The Auditorium would host the Academy Awards from 1961 to 1968, and the new venue was noted right away. After the 1961 ceremony, the Los Angeles Times praised the new location’s spacious interiors and more expansive red carpet. The modernist trappings would also prove an appropriate backdrop for a technical innovation in 1966, when the Academy Awards was broadcast in color for the first time.
Though the new venue proved to be a good solution to the ceremony’s growing logistical needs, the tumults of the 1960s would also roil the Academy Awards. In 1962, Caleb Peterson, a Black actor, and members of the organization he’d cofounded, the Hollywood Race Relations Bureau, picketed outside the ceremony in protest of “the discriminatory practices of the motion picture industry.” Twelve of the 125 protestors were jailed, and one was injured during their arrest. The organization’s lawyers argued in court that the protestors had a right to assemble. Still, the arrests were upheld on the grounds that the protest occurred on the red carpet and constituted trespassing.
Despite the treatment of Peterson and the members of the Hollywood Race Relations Bureau, other actors of color celebrated landmark Academy Awards milestones during this time. The same year of Hollywood Race Relations Bureau’s protest, Rita Moreno became the first Latina actress to win an Academy Award, winning for Best Supporting Actress in West Side Story (USA, 1961). Two years later, Sidney Poitier became the first Black actor to win Best Actor, winning for Lilies of the Field (USA, 1963).
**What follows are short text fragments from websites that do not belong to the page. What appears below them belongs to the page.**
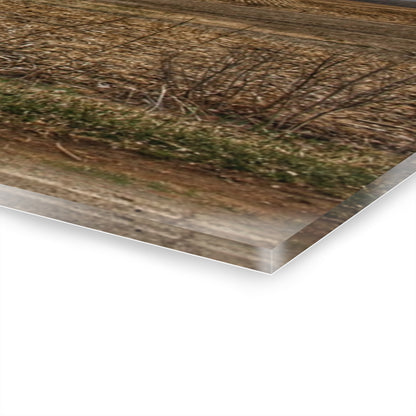 U R There Photography Barnes Road Little Red III Rustic Farmhouse Acrylic Wall Print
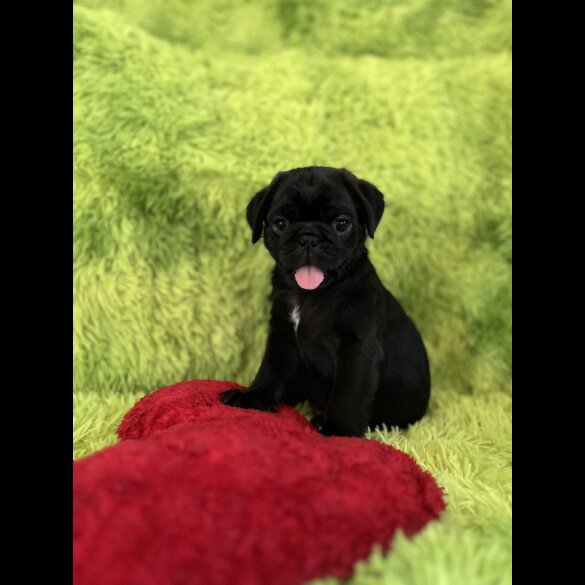 Pug - Dogs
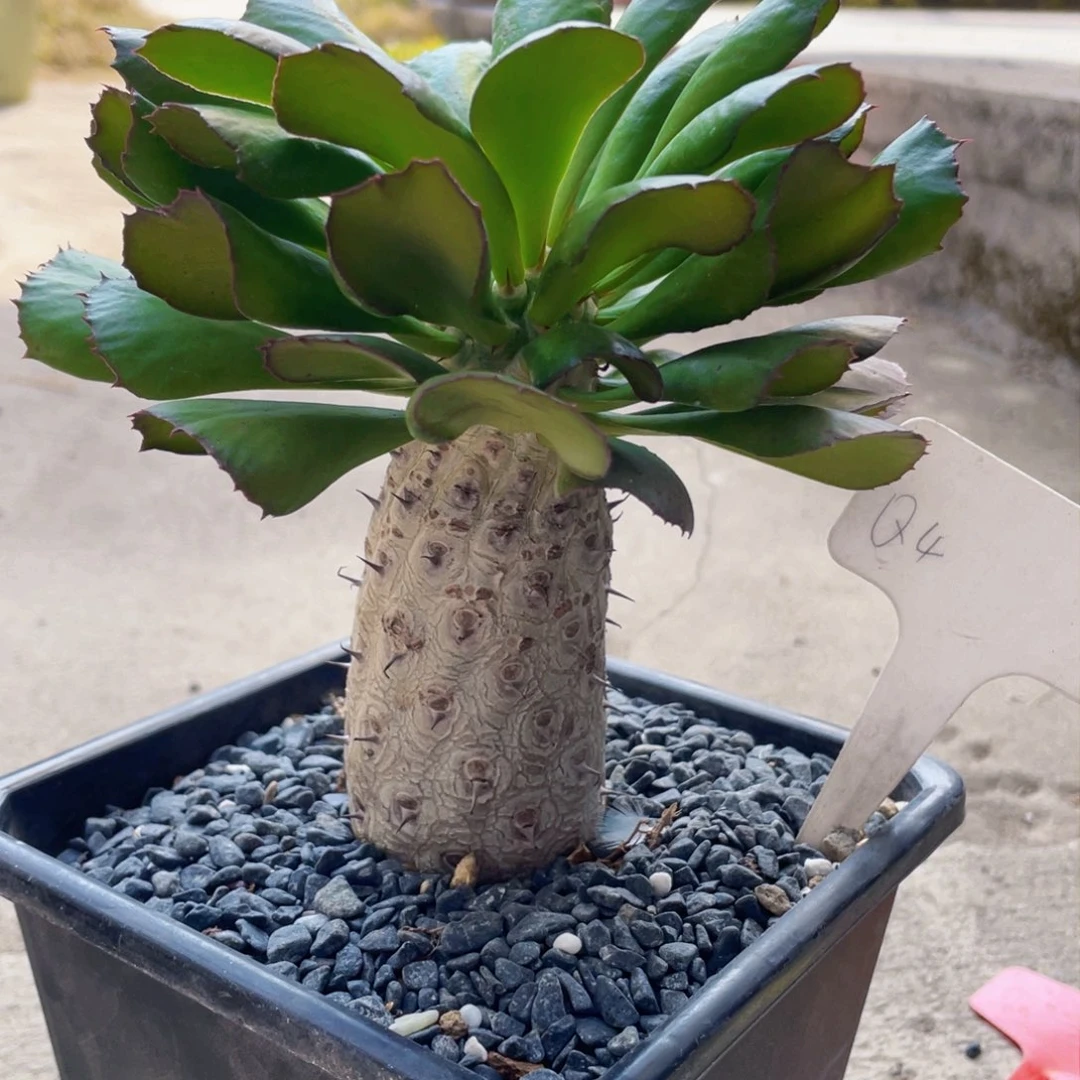 一物一拍，单刺麒麟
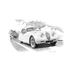 Jaguar XK120 FHC Rear Spats 1951-1954 Personalised Portrait in Black & White - RJ1081BW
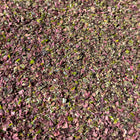 ORGANIC SEVEN SEA-VEGGIES BLEND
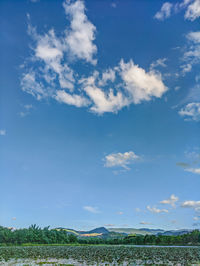 Scenic view of landscape against blue sky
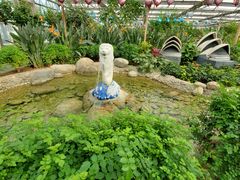 -南宫五洲植物乐园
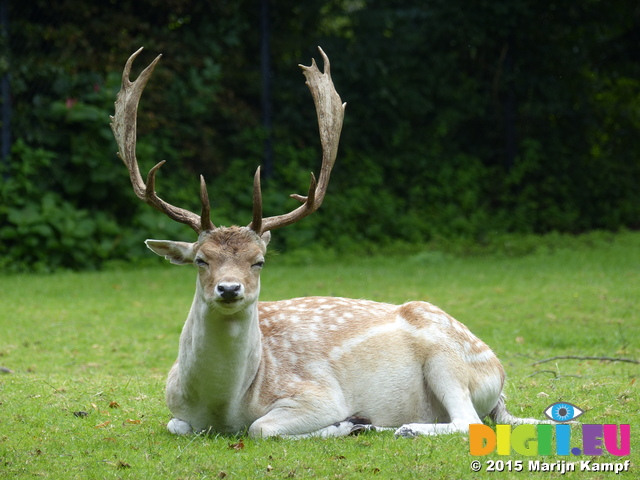 FZ020048 Fallow deer (Dama dama)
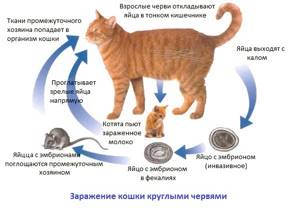Как понять, что у кошки завелись глисты: симптомы заражения и фото паразитов с названиями и описанием, лечение питомца
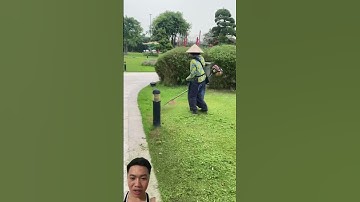 Máy Cắt Cỏ Cầm Tay Sự Đa Năng Tiện Dụng Mọi Địa Hình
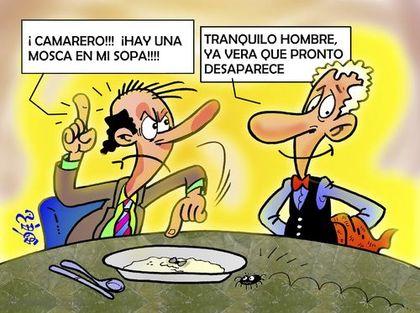 Mosca en la sopa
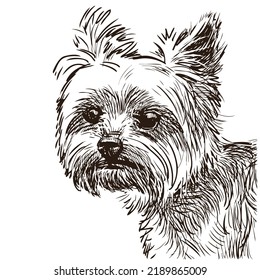 Sketch portrait of cute yorkshire terrier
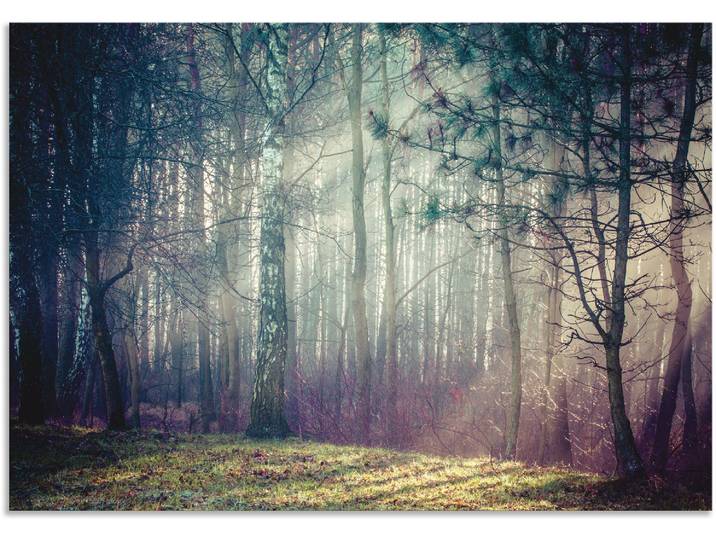 Alu-Dibond-Druck ARTLAND Sonnenstrahlen im Wald , blau (farbe bild(er): blau), B:130cm H:90cm, Bilder, Alu-Dibond-Druck, für Innen- und Aussenbereich geeignet, Outdoorbild
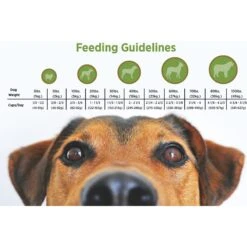 Blackwood 1000 Chicken Meal & Oats Recipe Everyday Diet Adult Dry Dog Food -Cozy Paws 50914 PT4. AC SS1800 V1550528270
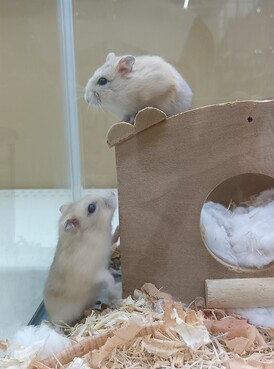 イエロープティングジャンガリアンハムスター（ペットアミ伊万里店）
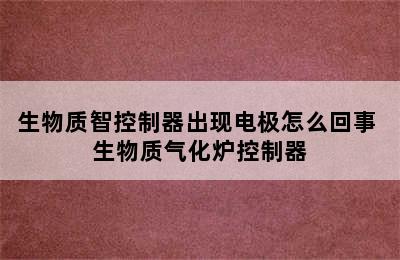 生物质智控制器出现电极怎么回事 生物质气化炉控制器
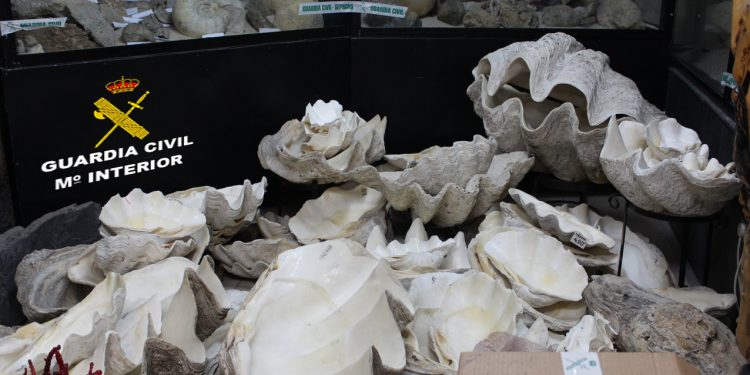 Intervienen en Vigo una importante cantidad de fósiles y especies de fauna protegidas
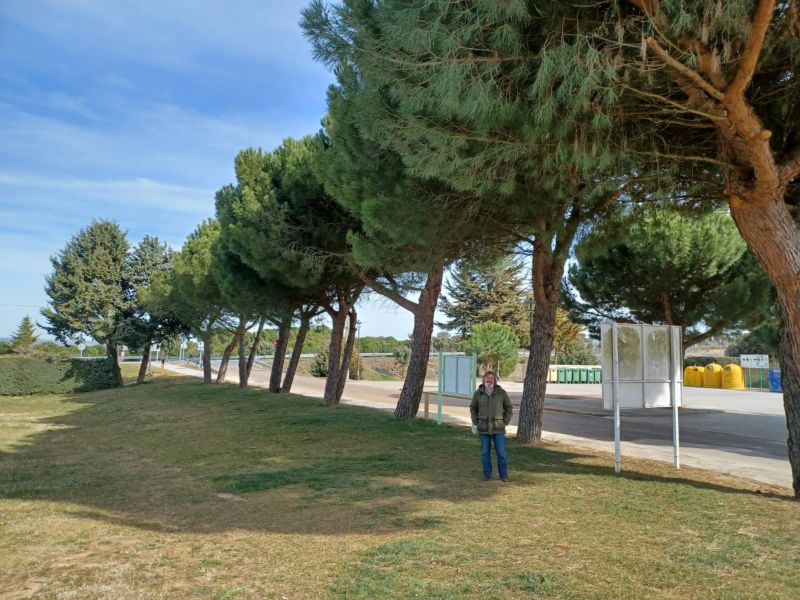 Carrascal de Barregas inicia la campaña de prevención contra la procesionaria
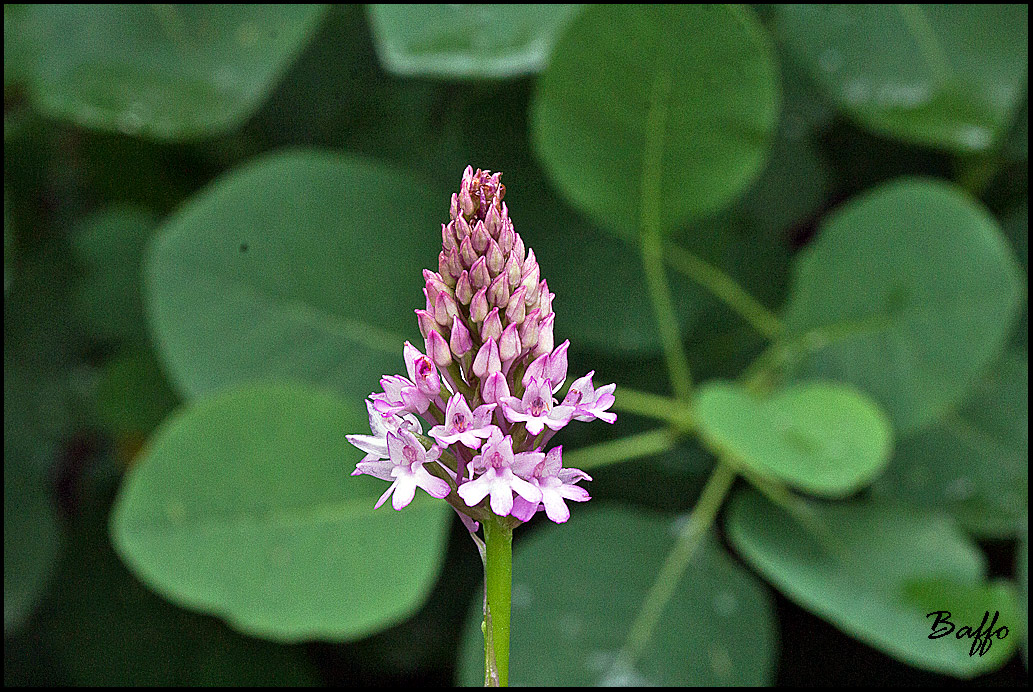 Anacampus pyramidalis ?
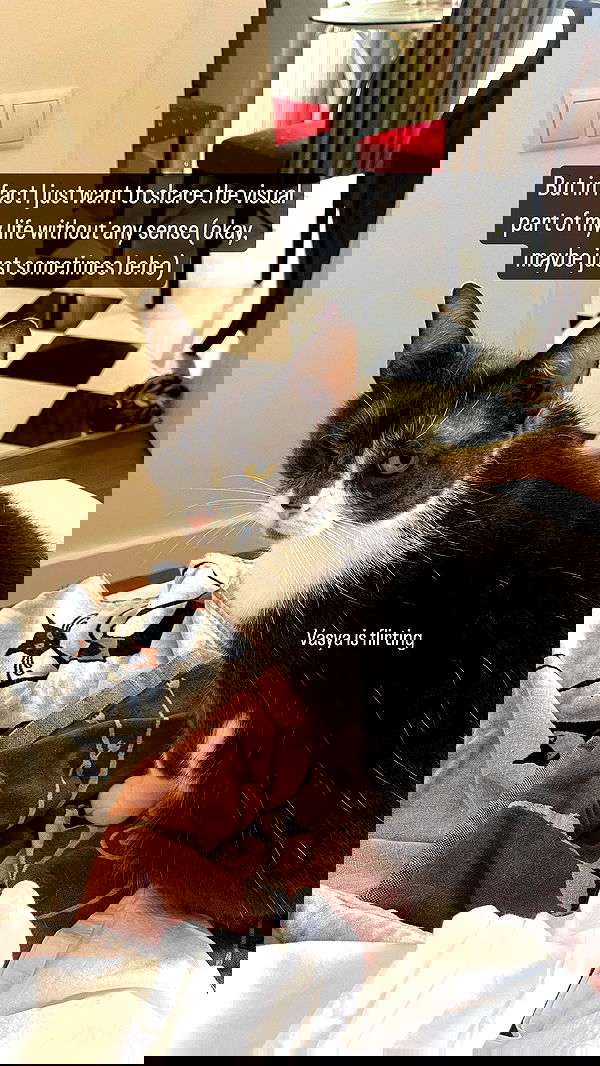 vive.la.lucy vive.la.lucy archive image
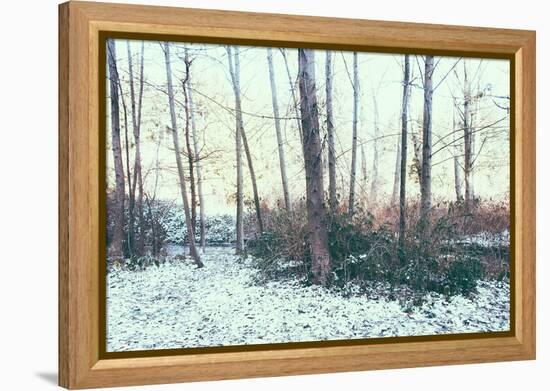 Winter Woodland Scene-Sharon Wish-Framed Premier Image Canvas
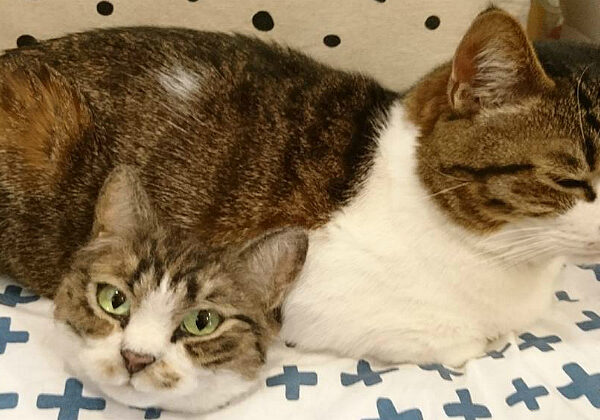 Тайна двухголового кота и другие чудеса японской мастерицы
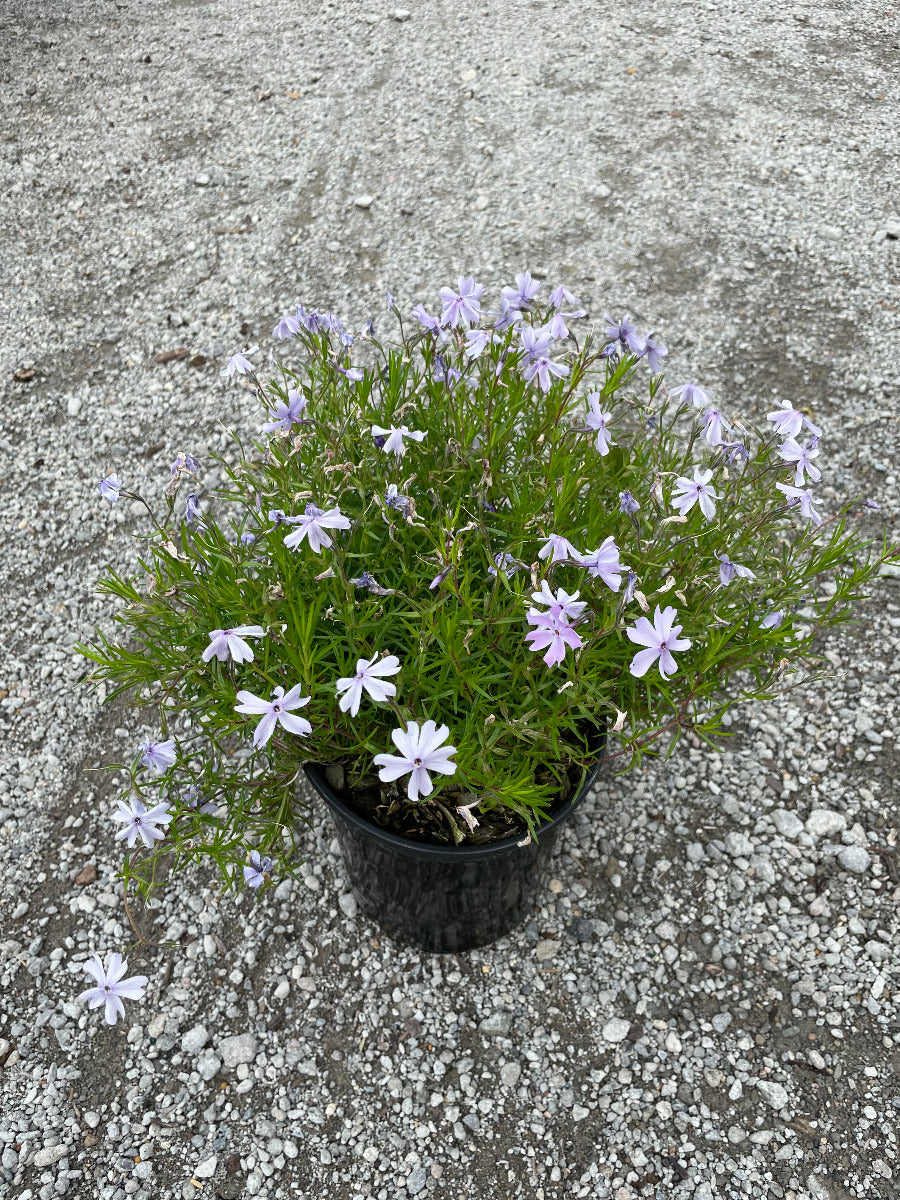 Emerald Blue Phlox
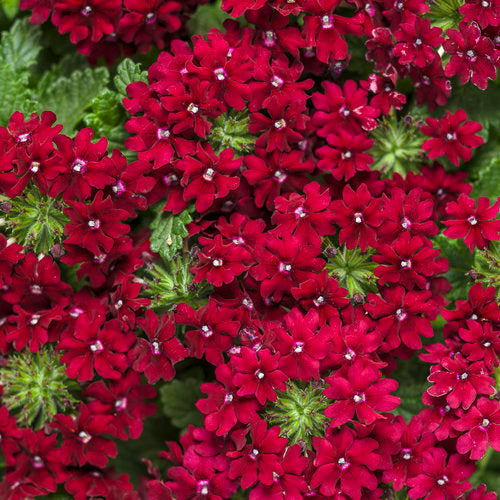 Superbena Royale® Romance Verbena | Proven Winners®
The last ceremony held at the Civic Auditorium was both its most eventful and tragic. On April 4, 1968, Martin Luther King Jr. was assassinated in Memphis, Tennessee, and his funeral occurred on the same day as the long-scheduled 1968 Academy Awards ceremony. Sidney Poitier, Diahann Carroll, Sammy Davis Jr., and Louis Armstrong—all of whom had planned to take part in that year’s ceremony—withdrew out of respect for Dr. King. Soon after, the Academy postponed the Awards and canceled the Governor’s Ball. When the show occurred two days later, it opened with somber remarks from Academy President Gregory Peck. “Society has always been reflected in its art,” Peck said, “and one measure of Dr. King’s influence on the society we live in is that of the five films nominated for Best Picture of the Year, two dealt with the subject of understanding between the races.” The two films Peck referred to were Guess Who’s Coming to Dinner (USA, 1967) and In the Heat of the Night (USA, 1967). Sidney Poitier starred in both films, although his work was not nominated for either. However, In the Heat of the Night won five awards, including Best Picture. The following year, the ceremony outgrew the Civic Auditorium and moved to Downtown LA’s Dorothy Chandler Pavilion in 1969.